Pictures are to be omitted. Output only the lines from the one containing "UNV 2MP 4'LÜ KAMERA SETİ" through the end of the data, word for word.

DATASET EXCERPT –
————————
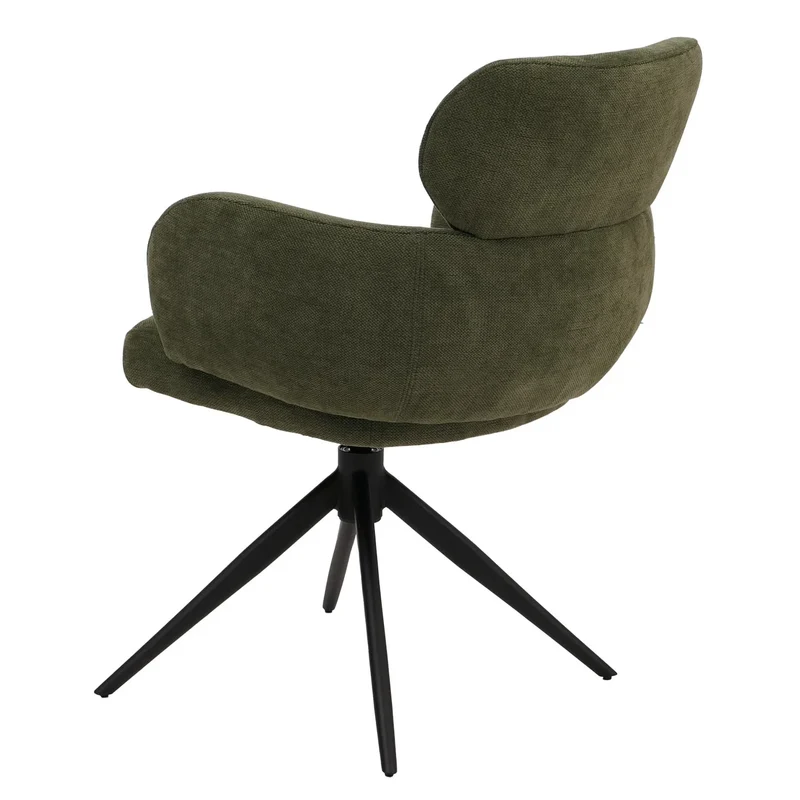 Chaise de salle à manger design contemporain pivotante avec fonction Auto-Return en tissu chenille olive 04_0009366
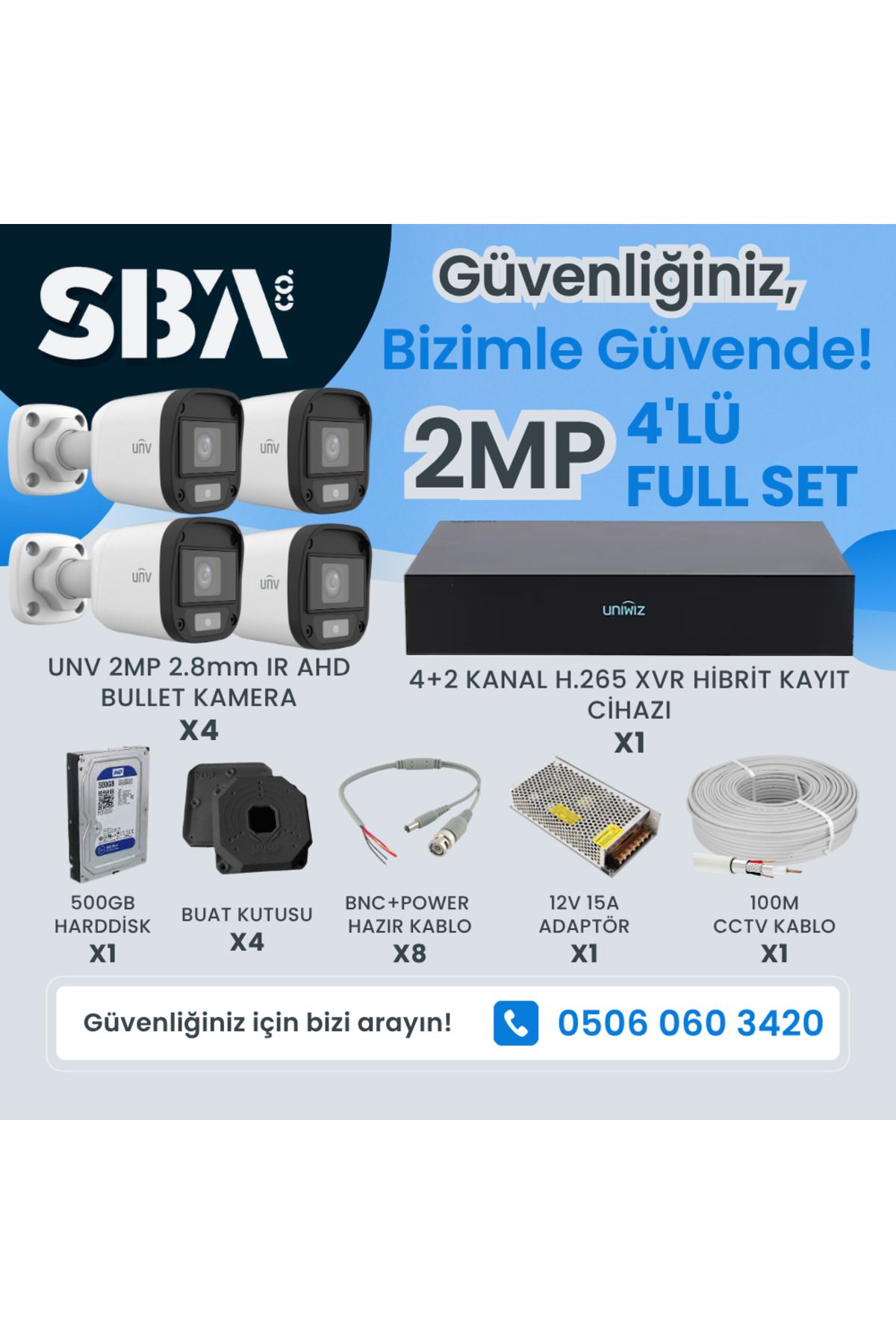 UNV 2MP 4'LÜ KAMERA SETİ
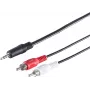 SHIVERPEAKS S-Conn cabo de áudio 3,5mm para 2x RCA 2,5m preto vermelho branco (30832-2.5)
————————
TASK RESPONSE –
 UNV 2MP 4'LÜ KAMERA SETİ
 SHIVERPEAKS S-Conn cabo de áudio 3,5mm para 2x RCA 2,5m preto vermelho branco (30832-2.5)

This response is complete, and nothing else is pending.